Work task: Repeat exactly, and only, the lines from the line bearing "Boucles d'oreilles ovales" through the end of the material. Do not copy the pictures.

Data shown:
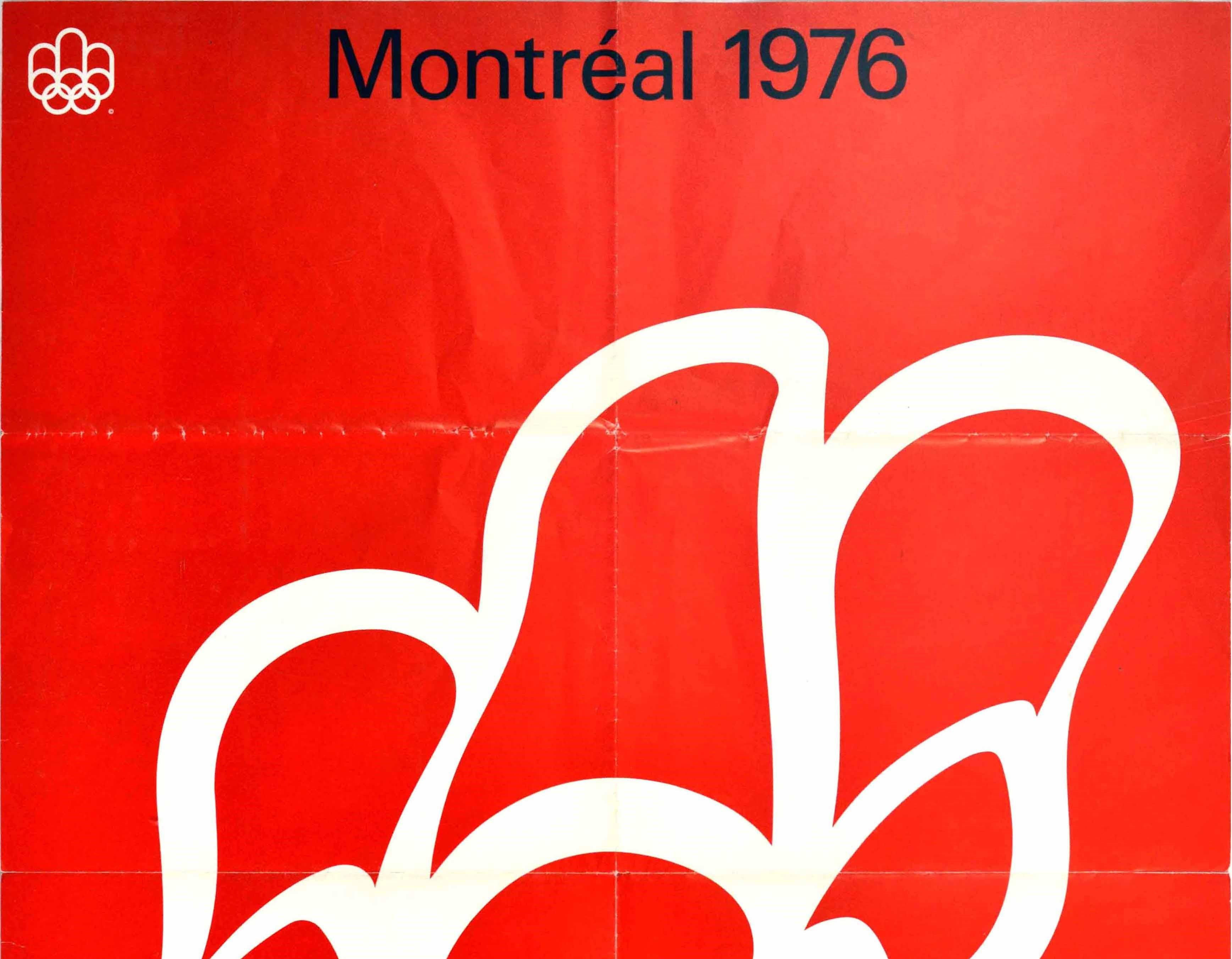 Original vintage sport advertising poster for the Summer Olympic Games 1976 held in Montreal featuring the read and white colours of the Canadian flag with the Olympic rings in white floating on a red background and the bold black letters above with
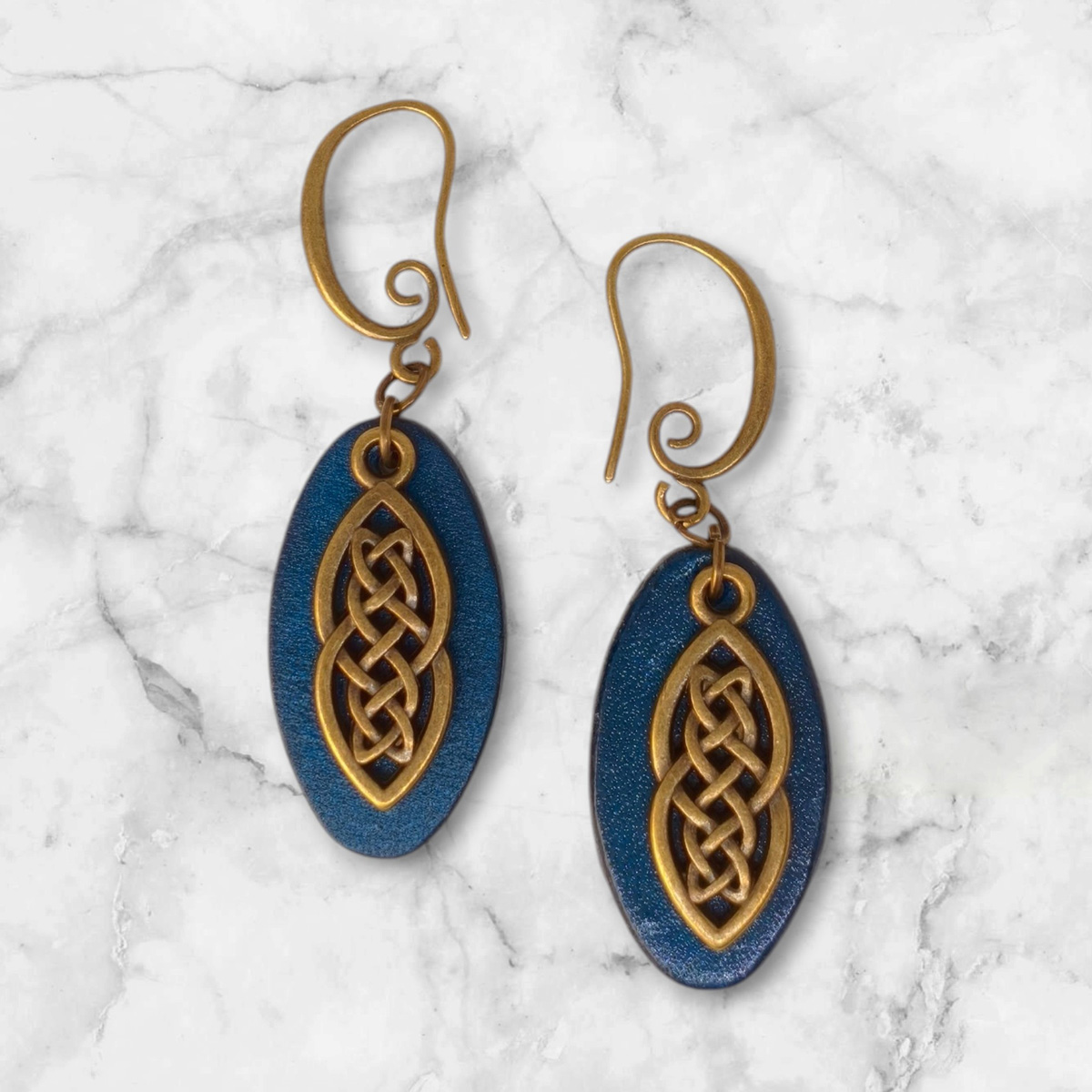 Boucles d'oreilles ovales en cuir teinté bleu, finition lisse et pendant celtique, vues de face, suspendues à des boucles couleur bronze sur marbre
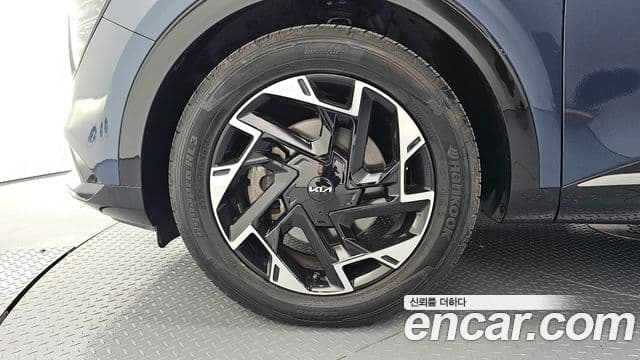 Kia Sportage 2021 — ფოტო 5/20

Task result:
 Boucles d'oreilles ovales en cuir teinté bleu, finition lisse et pendant celtique, vues de face, suspendues à des boucles couleur bronze sur marbre
 Kia Sportage 2021 — ფოტო 5/20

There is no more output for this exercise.